# THE TASK
Leave the pictures out. Retype exactly the lines below from the one containing "#art #Gallery455 #freidamckitrick" through the one containing "4 Pack No Trespassing", and no others.

---------- RECORD EXTRACTS ----------

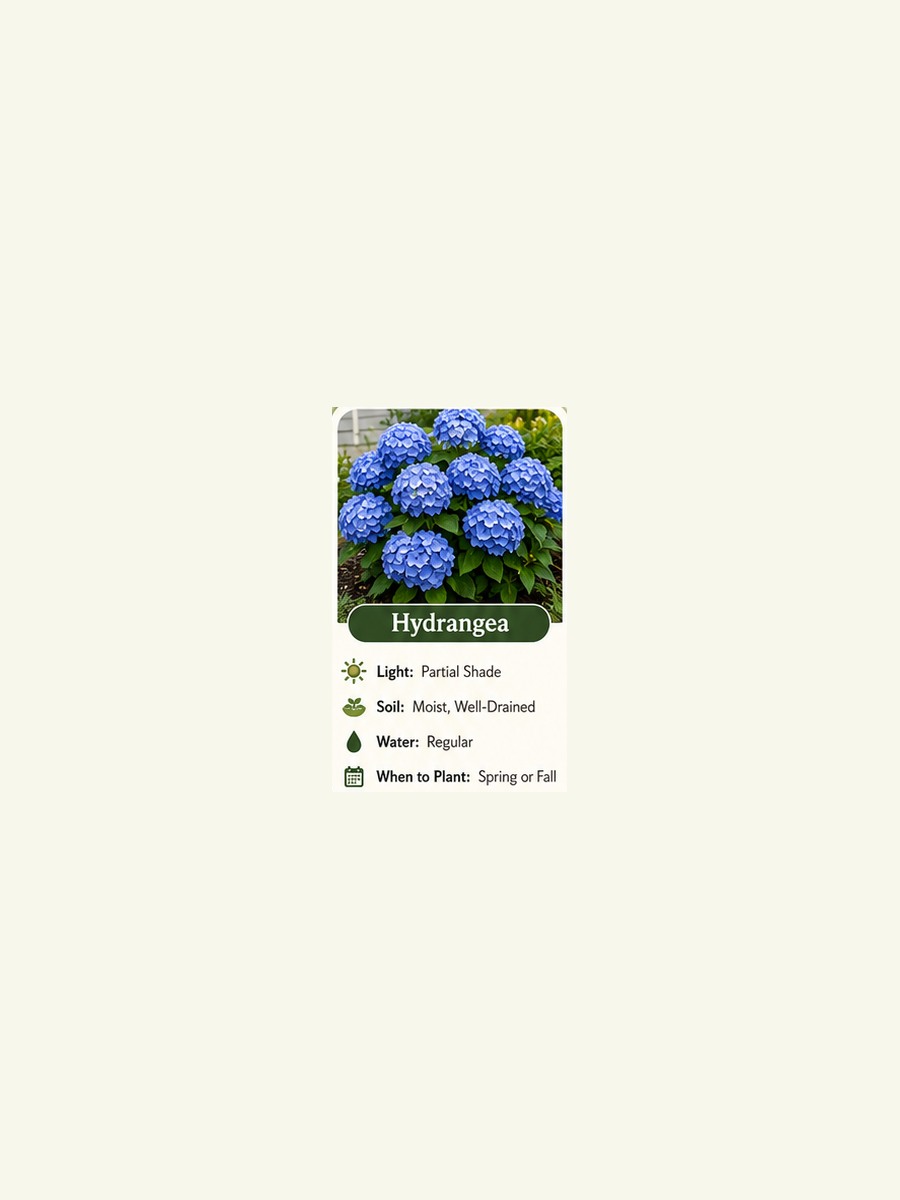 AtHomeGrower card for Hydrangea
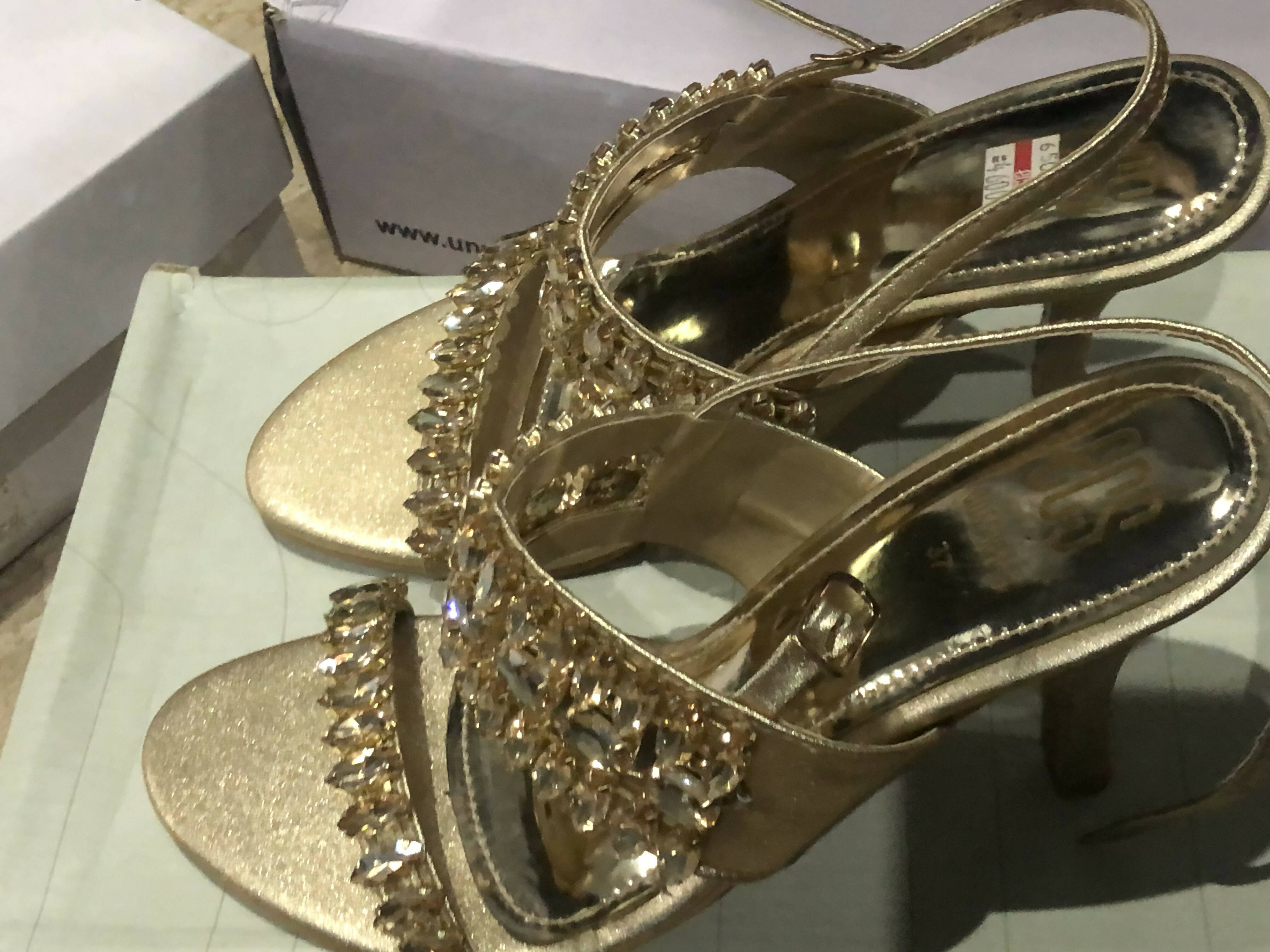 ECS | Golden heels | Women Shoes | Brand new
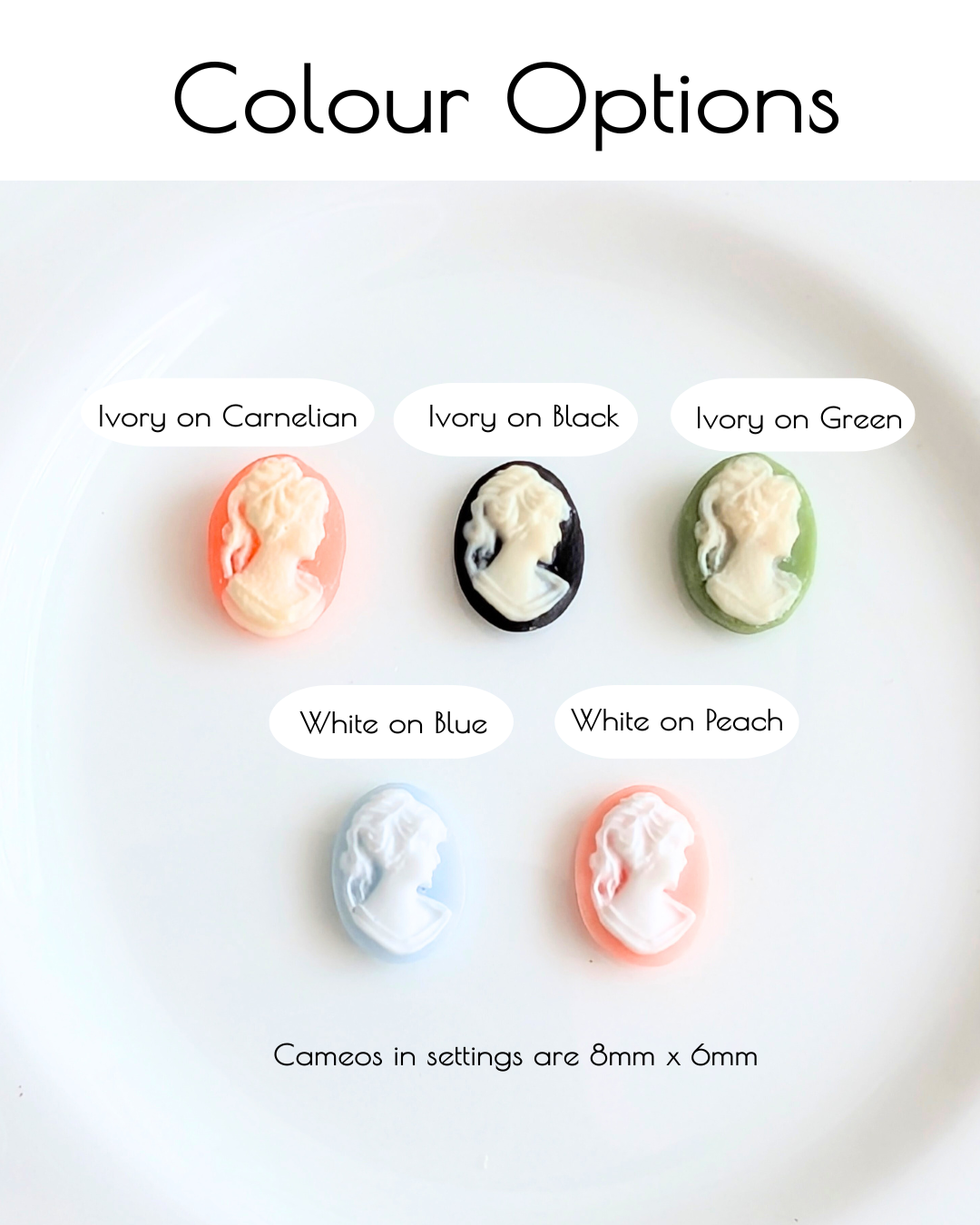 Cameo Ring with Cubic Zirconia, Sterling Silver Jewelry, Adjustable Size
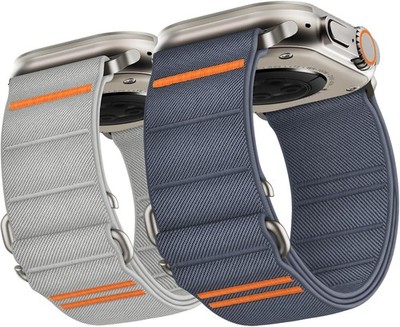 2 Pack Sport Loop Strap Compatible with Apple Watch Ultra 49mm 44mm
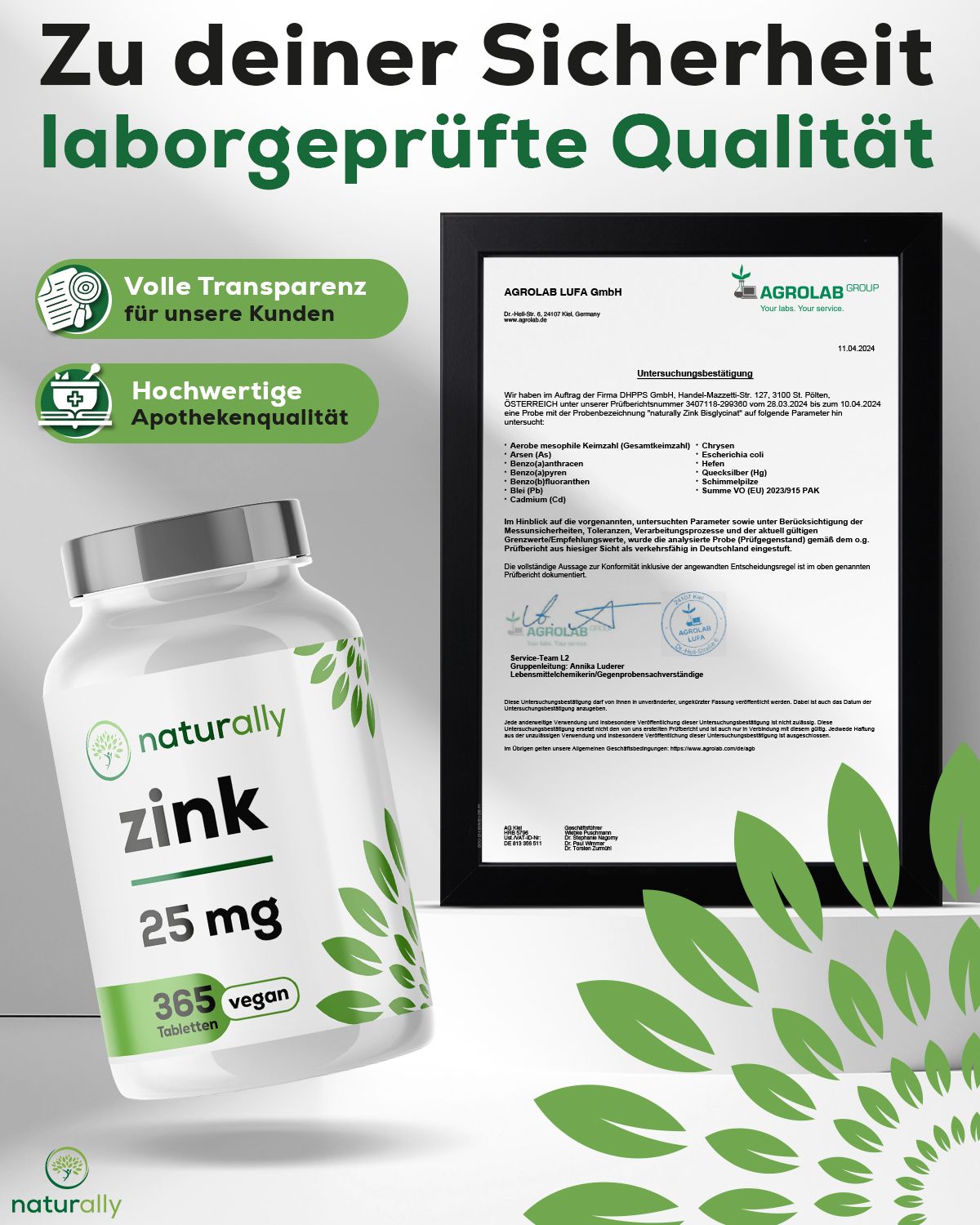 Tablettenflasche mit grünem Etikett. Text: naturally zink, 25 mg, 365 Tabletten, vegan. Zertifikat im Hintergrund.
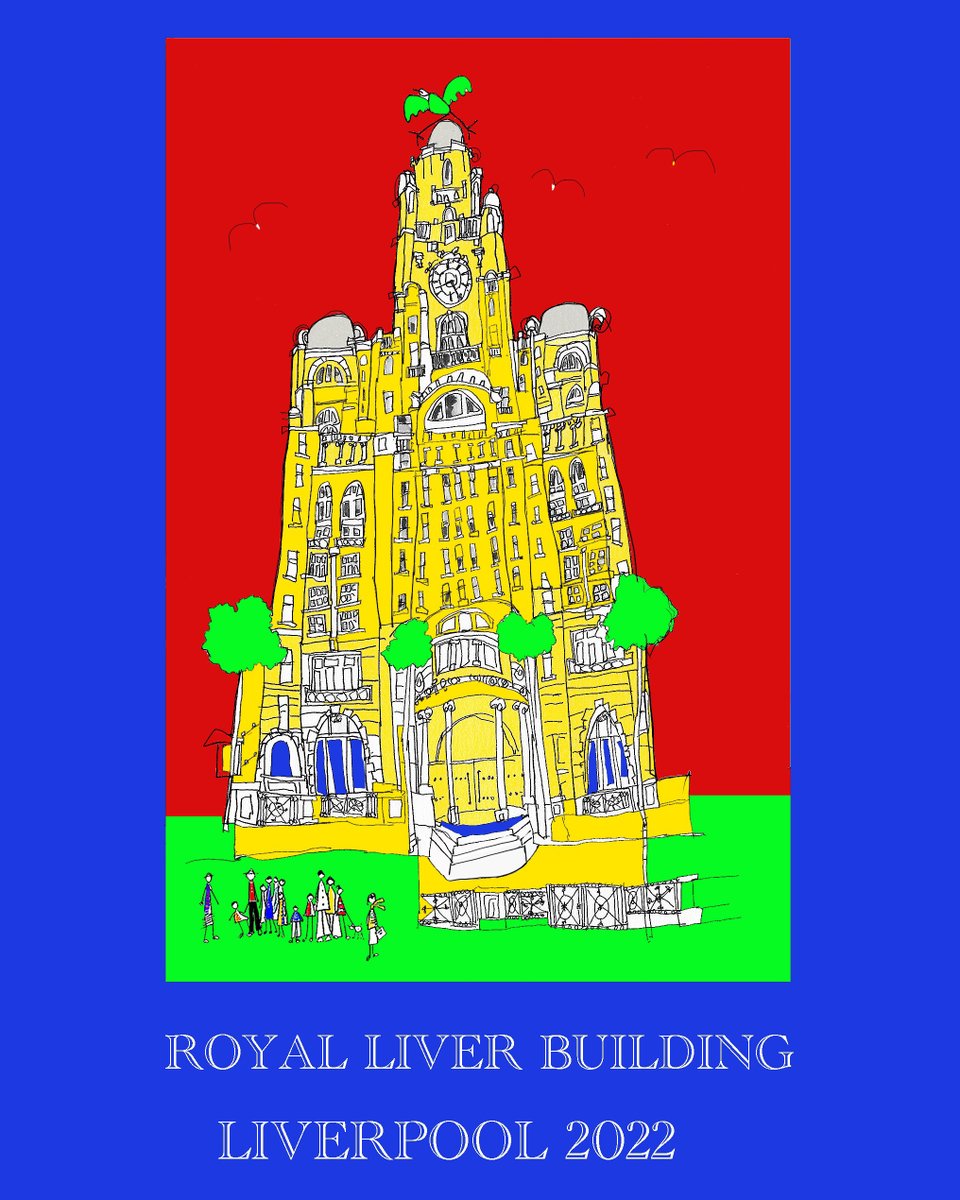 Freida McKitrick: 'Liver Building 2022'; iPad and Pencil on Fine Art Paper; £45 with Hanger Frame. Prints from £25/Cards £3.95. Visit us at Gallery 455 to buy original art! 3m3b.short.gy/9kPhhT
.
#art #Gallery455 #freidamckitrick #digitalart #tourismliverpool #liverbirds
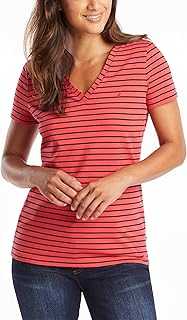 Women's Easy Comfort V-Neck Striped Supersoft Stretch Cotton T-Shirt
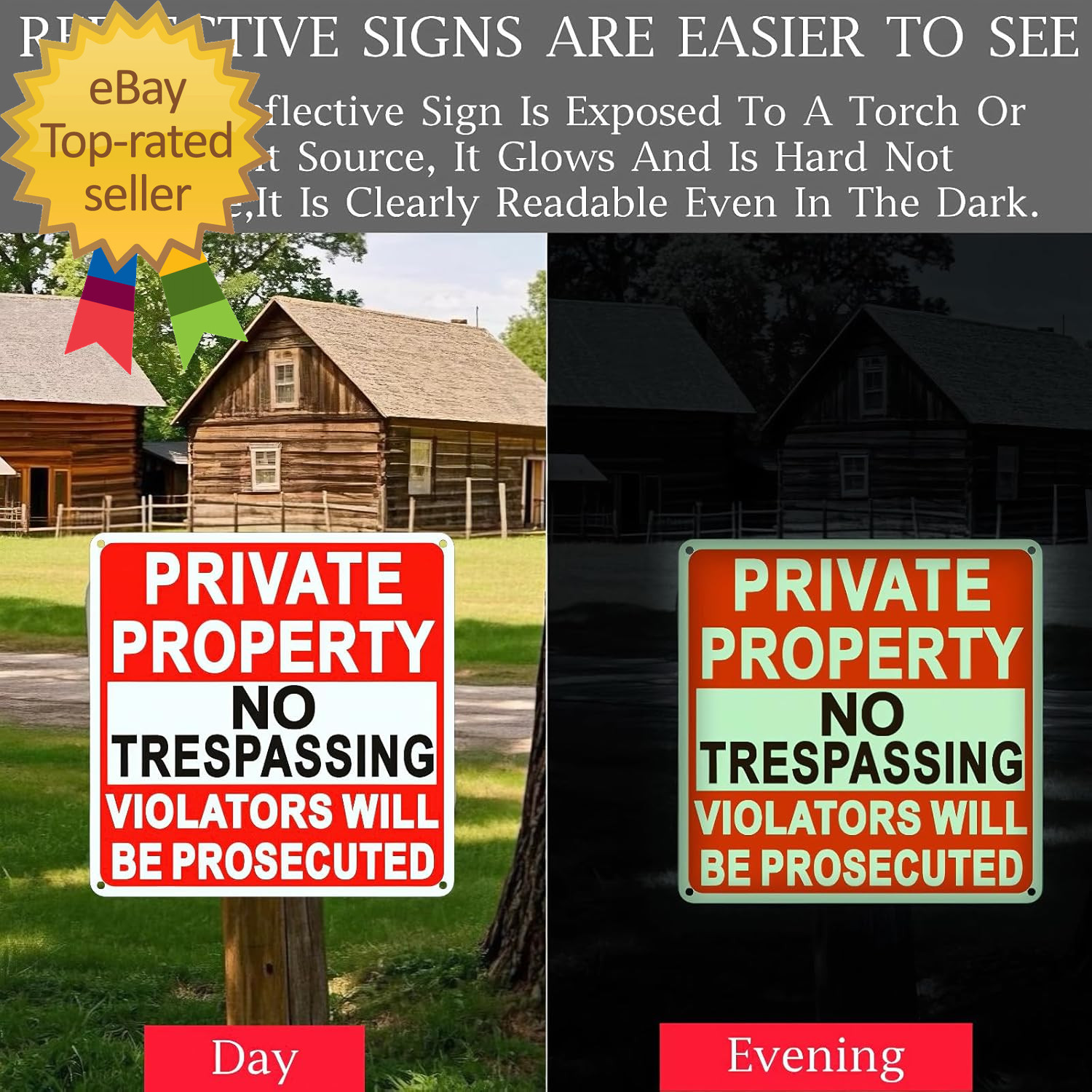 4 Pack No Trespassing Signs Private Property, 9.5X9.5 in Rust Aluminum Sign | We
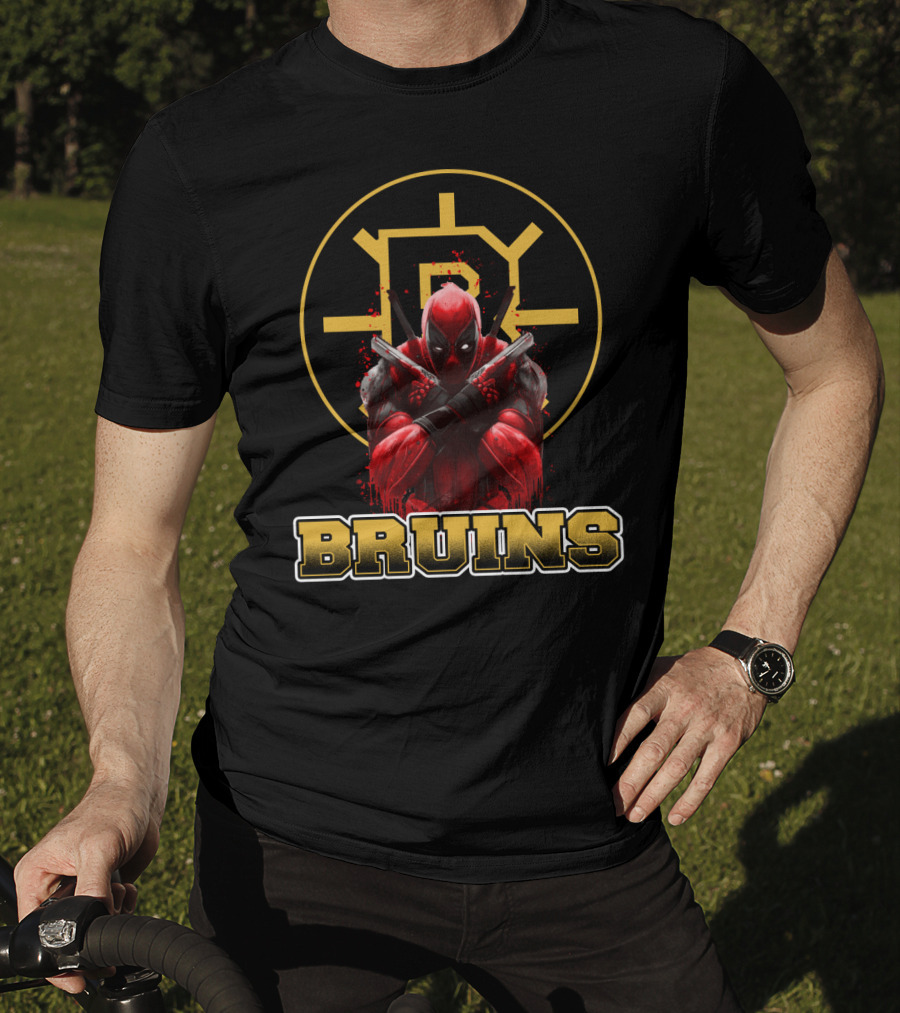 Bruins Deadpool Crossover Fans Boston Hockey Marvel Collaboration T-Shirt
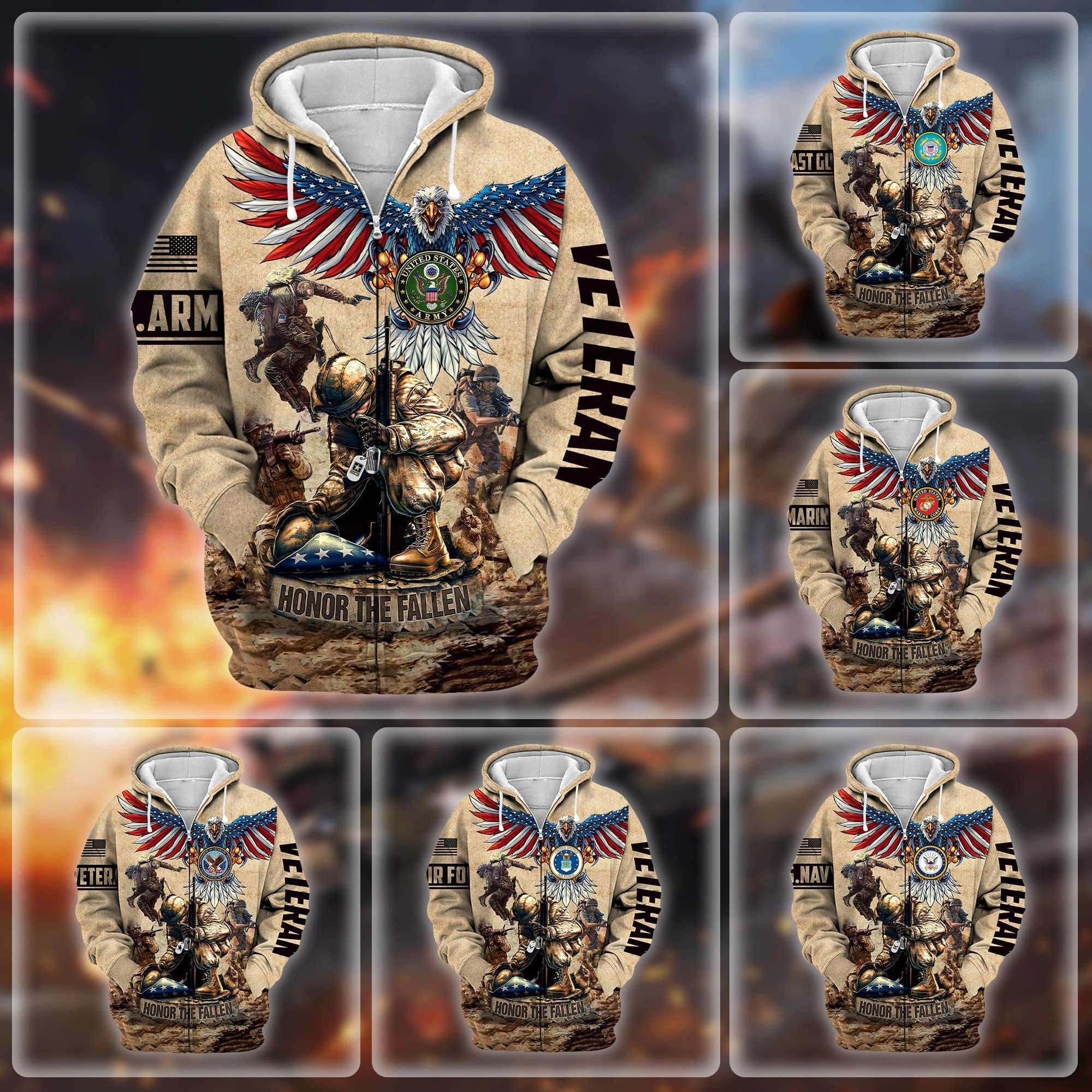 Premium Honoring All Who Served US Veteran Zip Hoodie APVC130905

----------

# COMPLETED TASK
#art #Gallery455 #freidamckitrick #digitalart #tourismliverpool #liverbirds
 Women's Easy Comfort V-Neck Striped Supersoft Stretch Cotton T-Shirt
 4 Pack No Trespassing Signs Private Property, 9.5X9.5 in Rust Aluminum Sign | We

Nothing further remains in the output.